TLHR is an organization working to provide legal and litigation assistance to individuals who have been summoned, arrested, and detained unjustifiably by state authorities as a result of exercising their freedom of expression and engaging in political participation. TLHR concerns that this kind of detention by state authorities may be carried out unconstitutionally according to the law, as it intends to stop an individual from exercising his/her right to freedom of expression. Thereby, TLHR has the concerns as following.

  1. The sentence “I Lost Faith in the Monarchy” does not count as defamation, an insult, or a threat under Section 112 of the Criminal Code. It also does not count as sedition under Section 116 or as any kind of computer data listed as criminal offenses under Section 14 of the Computer Crime Act. B.E.2550. Therefore, the persons who wear the shirt with such sentence or those who post a photo with such sentence cannot be considered as the perpetrators to the law, and thus state authorities shall have no right to prosecute such persons according to the authority given by the law.
  2. Tiwagorn is sane and can still communicate normally and consciously. He is not in the condition that would cause harm to others’ lives or others’ properties. Also, he does not need any treatment nor immediate treatment, and he, himself, is still capable of giving consent to the treatment. By showing no sign of any serious illnesses, the forcible detention for treatment of Tiwagorn by state authorities is contrary to Section 22 of the Mental Health Act, B.E. 2551. In the case of forcible admission to the hospital for treatment, personal consent is needed according to Section 21 (of Mental Health Act, B.E. 2551) not from relatives nor any of the third parties. According to the fact that Tiwagorn was forcibly taken from his home by six police officers to Rajanagarindra Psychiatric Hospital, it is evident that he did not show consent to being admitted for the treatment. Also, from mid-June, he reported that he had been visited by state officials, urging him to stop wearing the shirt.

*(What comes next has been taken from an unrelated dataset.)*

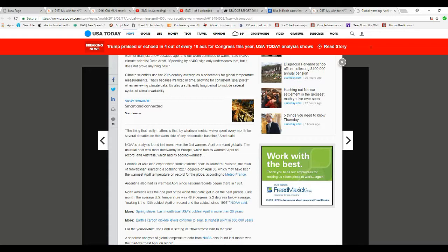They're insane. They're either compulsive liars, which means they're insane, or they're just plain insane. Either way, they're insane. The eastern coast of Asia also experienced some extreme heat in southern Pakistan. The town of Nawabshah soared to a scalding 122.4 degrees on April 30th, which may have been the warmest April temperature on record for the globe according to Meteo France.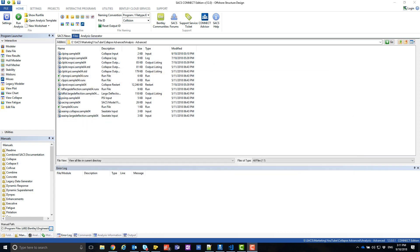Finally, we need to update the Collapse Run file with some additional output from Collapse Advanced. Open the Collapse Run file.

The fact that the police took around 10 vehicles to Tiwagorn’s house without a request from his family could also mean that his family might not be able to tell the authorities what they really want as they were intimidated by the troops of officers. Even after the forcible hospital admission, several polices from the Mueng Khon Kaen Provincial Police Station have been set to guard the hospital for 24 hours. It is very questionable that such conduct by state authorities in detaining Tiwagorn was done according to his consent.
  3. The forcible detention of Tiwagorn was conducted despite having no sign of necessity nor a request made by the patient himself. If such operation to detain Tiwagorn was carried out genuinely for the sake of the psychological treatment, it is unnecessary to confiscate his mobile phone, computer, and shirt, as they were quite unrelated to the treatment. On 14 July 2020, Poj.Maj.Gen Putthipong Musikul, the commander of Provincial Police Region – Khon Kaen, said in the statement reported by BBC Thailand that the operation to detain Tiwagorn for treatment “was a part of medical procedures and that he has been being treated accordingly,” and there is no charge made against him. TLHR sees that, by searching and confiscating Tiwagorn’s personal belongings without any official warrants, certain operations were made arbitrarily and against the law, even for a medical reason.

To prevent the continuing improper use of medical procedures as a pretext to arbitrarily detain a person, which is an unlawful act with negative effects on both the public health sector and the judicial process, and to protect the right to freedom of expression as stated in Articles 9 and 19 of the International Covenant on Civil and Political Rights (ICCPR),

Thai Lawyers for Human Rights calls on the Royal Thai Police to investigate whether the operation conducted by police officers from the Mueang Khon Kaen Provincial Police Station and the Chiangkhan Police Station is lawful or not, and calls on the state officers to immediately stop such action and operation for which they do not have legal authority, as they could constitute as an intimidation to the people, and to immediately cease the detention of Tiwagorn.